(Stored entries)

Segment Open

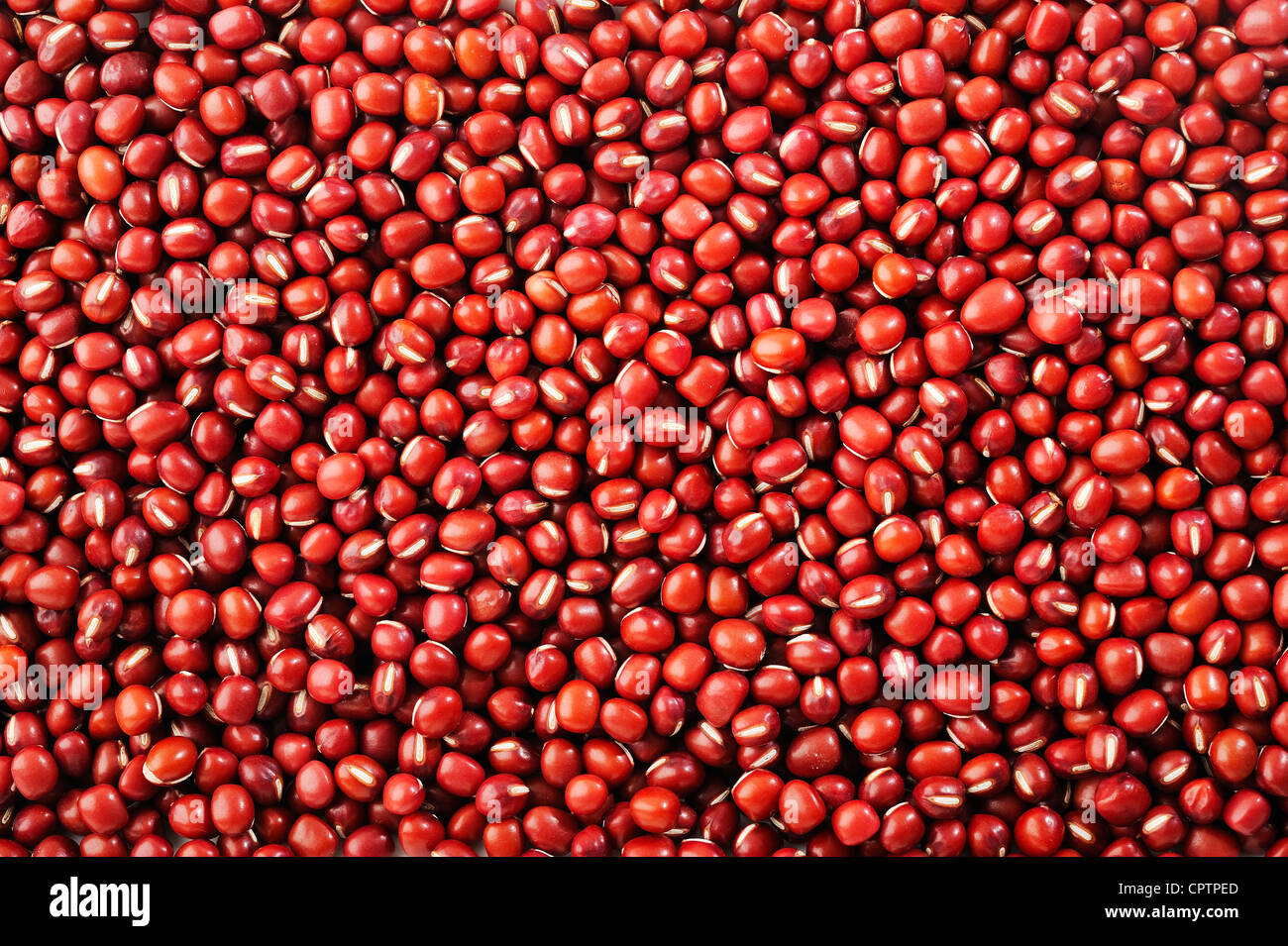 roten Azuki Bohnen Muster Hintergrund Stockfoto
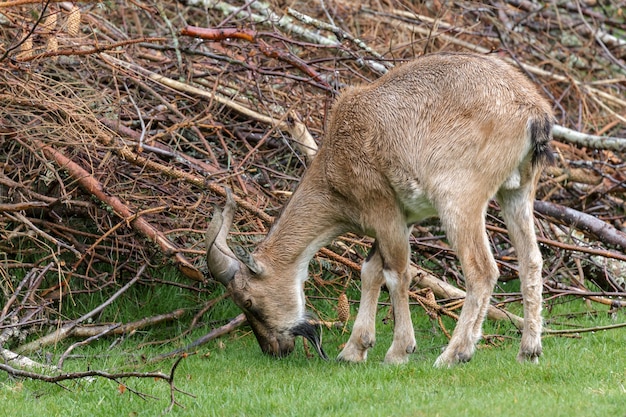 Turkmeense Markhor (Capra falconeri heptneri)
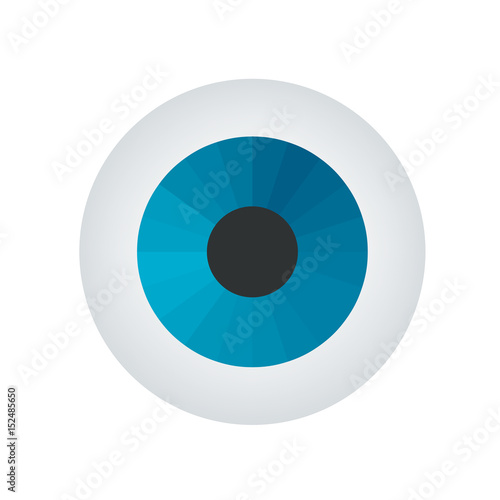 Eyeball on white background. Vector illustration.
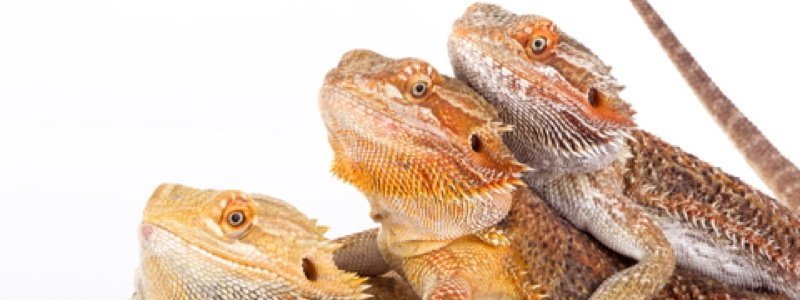 Different Behaviors of Bearded Dragons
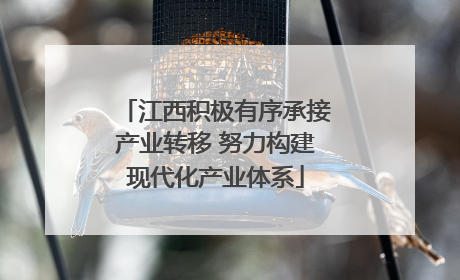 江西积极有序承接产业转移 努力构建现代化产业体系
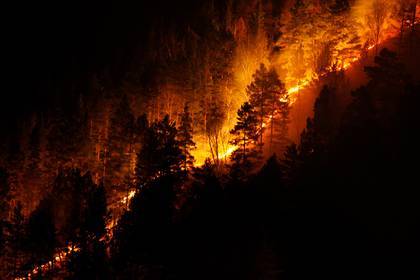 В Совфеде предложили пересмотреть принцип тушения лесных пожаров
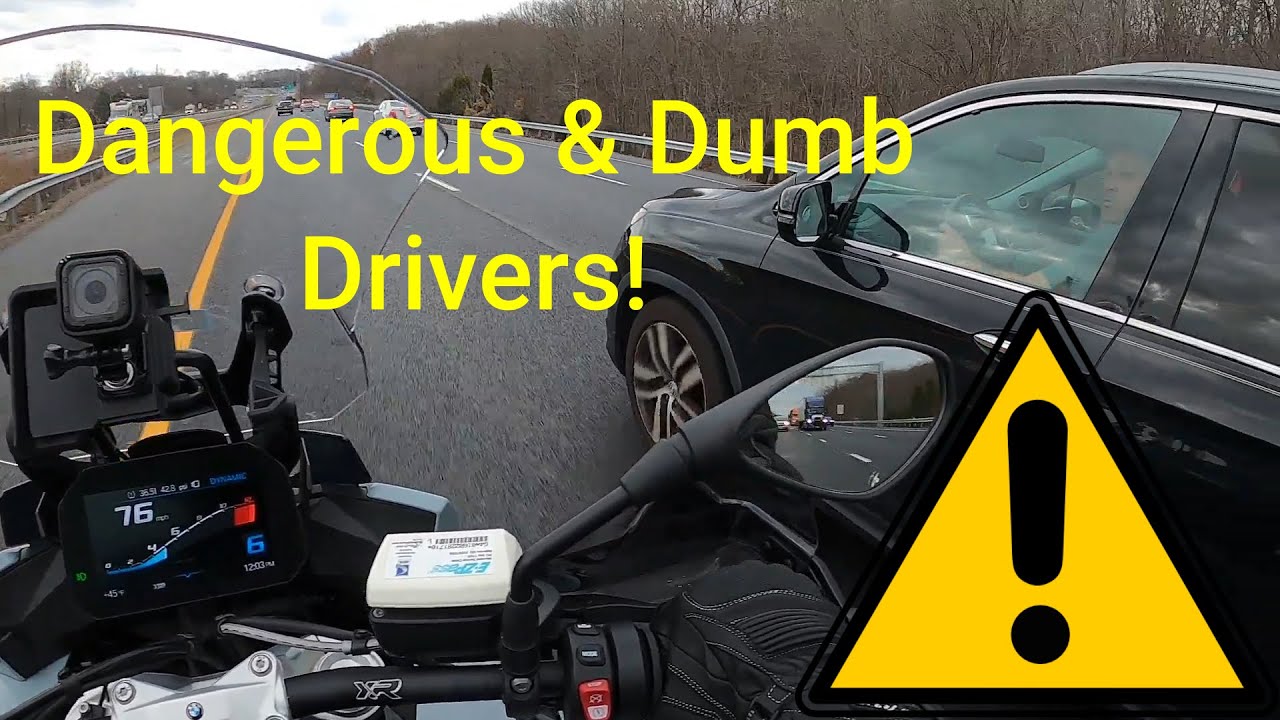 Dangerous and Dumb Drivers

Segment Closed

• [WHAT YOU WILL DO]:
Omit the pictures, and please restate word for word the lines running from the line with "Eyeball on white" to the end of the entries.

• [RESULT OF THIS TASK]:
 Eyeball on white background. Vector illustration.
 Different Behaviors of Bearded Dragons
 江西积极有序承接产业转移 努力构建现代化产业体系
 В Совфеде предложили пересмотреть принцип тушения лесных пожаров
 Dangerous and Dumb Drivers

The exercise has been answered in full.